Negative consequences (like time-out or taking away something valued) are consistently applied BUT there is no yelling, drama or meanness involved whatsoever – the consequence is simply ‘applied’ and the children learn.
This approach equips children with important skills like taking responsibility, or making them realise that conflict does not have to result in escalation, or understanding that they need to come forward to learn and that they must contribute to reasonable standards. It also teaches them that their behaviour very definitely influences outcomes – which gives them a sense of agency in the wider world.
In this environment, children learn quickly and respond well, feeling safe and secure within this clear structure.

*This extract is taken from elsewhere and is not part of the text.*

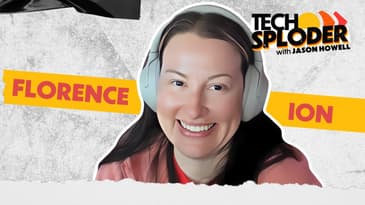 Florence Ion (Mac Performa 460, Tamagotchi, Pokemon Go, Mac|Life Magazine) // Techsploder 14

As a result, the relationships between parents and their children tend to be attached (but not over-involved), loving, positive, affectionate, self-contained (independent and autonomous), yet quite strict.
These parents are clearly ‘in-charge’ and ‘unified’ – issues are sorted out and agreed upon away from the children.
While this parenting style allows some flexibility in rules (depending on context), nearly always the rules apply.
Children then know exactly how to behave to receive parental love and approval (which is very important in motivating them to come forward to contribute), and they stop whining and testing parents out at every opportunity. These children come to love and highly respect their parents who always lead strongly by example, and these parents are able to both ‘like’ and ‘love’ their children.